The box comes in a box :thumbsup: . The bracelet is solid 316 L steel as is the case, with a sturdy butterfly clasp. This bracelet is a tad smaller than the other Bureis I have reviewed, fitting my large wrist snugly.



The movement is a Miyota Quartz, it seems to do the job and the second hand hits the markers. The crystal is hardened mineral and I would guess the watch is 42-43mm. It wears quite big with curvature in the lugs and is comfortable.



30m water resist. No diving :laugh:

It is a clear classic face, utterly unadorned apart from the Burei logo.



There is no lume.....it keeps the classic look but just the hands might have been nice.



Classic, simple, and to my mind lovely.

I doubt you could do better anywhere at the price, it is a real attempt to capture quality.

I would happily have paid full price for it, and found that cheap.

Well done Burei..........and they are capturing a look of their own :thumbsup:

Cheers for reading.


----------



## Guest (Jun 8, 2016)

good little review Rog :thumbsup:

my issues are [ as usual ] cheap movements, its a really nice looking watch, but i think they have let them selves down in the movement department when you think what you get in their auto watches.......i guess though most people dont give a toot what movement is in a watch and to some a movement belong in a toilet :tongue:

my other issue is the name, again it does the watch no favours unless there is some meaning to it like the boss's name or region of manufacture??

for the money they certainly are good value and not bad looking either :yes:


----------



## RWP (Nov 8, 2015)

Thanks Bruce... maybe Irene could comment on the name :thumbsup:


----------



## Roy (Feb 23, 2003)

I've received a couple too to send out for reviews, not even had chance to open the boxes yet but if anyone wants to have a look at one in the flesh then please let me know


----------



## RWP (Nov 8, 2015)

Roy said:


> I've received a couple too to send out for reviews, not even had chance to open the boxes yet but if anyone wants to have a look at one in the flesh then please let me know


 I've done four Roy.......best not me :thumbsup: . Have a look at them....you'll be surprised.


----------



## jsud2002 (Nov 7, 2015)

RWP said:


> I've done four Roy.......best not me :thumbsup: . Have a look at them....you'll be surprised.
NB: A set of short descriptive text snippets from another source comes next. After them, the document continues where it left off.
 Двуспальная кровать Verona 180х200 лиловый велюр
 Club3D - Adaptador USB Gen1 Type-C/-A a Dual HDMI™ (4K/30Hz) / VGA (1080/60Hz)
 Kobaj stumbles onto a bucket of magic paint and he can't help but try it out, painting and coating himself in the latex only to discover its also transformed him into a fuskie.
 you are probably the best person to do a review of one of Roy's as you stated you have done 4 so you know what you are looking pro's and con's :thumbsup:


----------



## RWP (Nov 8, 2015)

jsud2002 said:


> you are probably the best person to do a review of one of Roy's as you stated you have done 4 so you know what you are looking pro's and con's :thumbsup:


 You do one John.....they are fun to play with, and you get to do a review :thumbsup: . Fairs fair.


----------



## Guest (Jun 8, 2016)

Roy said:


> I've received a couple too to send out for reviews, not even had chance to open the boxes yet but if anyone wants to have a look at one in the flesh then please let me know


 i wouldn't mind having a close look at one :thumbsup:


----------



## Roy (Feb 23, 2003)

Bruce said:


> i wouldn't mind having a close look at one :thumbsup:


 Ok :thumbsup:


----------



## jsud2002 (Nov 7, 2015)

Bruce said:


> i wouldn't mind having a close look at one :thumbsup:


 you would take it to bits to see what made it tic lol



RWP said:


> You do one John.....they are fun to play with, and you get to do a review :thumbsup: . Fairs fair.
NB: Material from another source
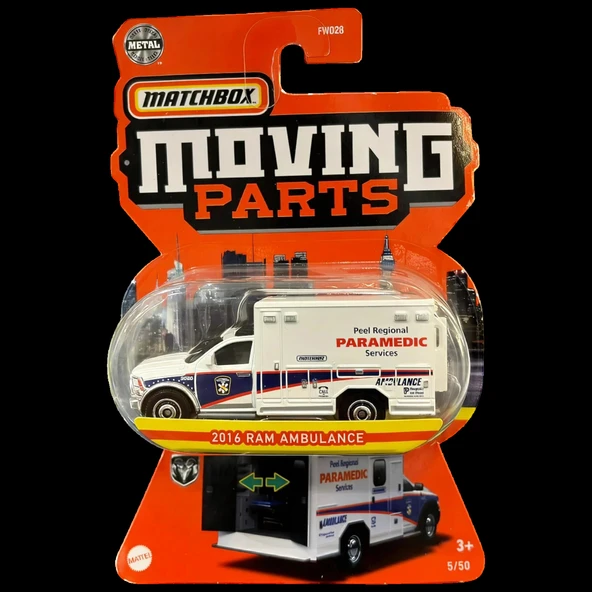 Matchbox Collectors Moving Parts - 2016 Ram Ambulance ürün görseli 1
 I am not that good with words Roger


----------



## RWP (Nov 8, 2015)

jsud2002 said:


> you would take it to bits to see what made it tic lol
> 
> I am not that good with words Roger


 He will and you should have a go John :thumbsup: . You'd love it.......something to play with for nothing.


----------



## davidcxn (Nov 4, 2010)

Interesting write up Roger. :thumbsup:

Given the present price on Amazon it does seem very good value for money. It has a good classical look & I like the minimalist design of the dial, hands and hour markers. Another nice watch from this company to add to your collection. :yes:


----------



## Cassie-O (Apr 25, 2017)

@RWP Can you tell me if Burei watches tick very loud? I'm looking at one on Amazon, I like watches, just not ones that tick very loud! :taz: Thanks.


----------



## RWP (Nov 8, 2015)

themysterybidder said:


> @RWP Can you tell me if Burei watches tick very loud? I'm looking at one on Amazon, I like watches, just not ones that tick very loud! :taz: Thanks.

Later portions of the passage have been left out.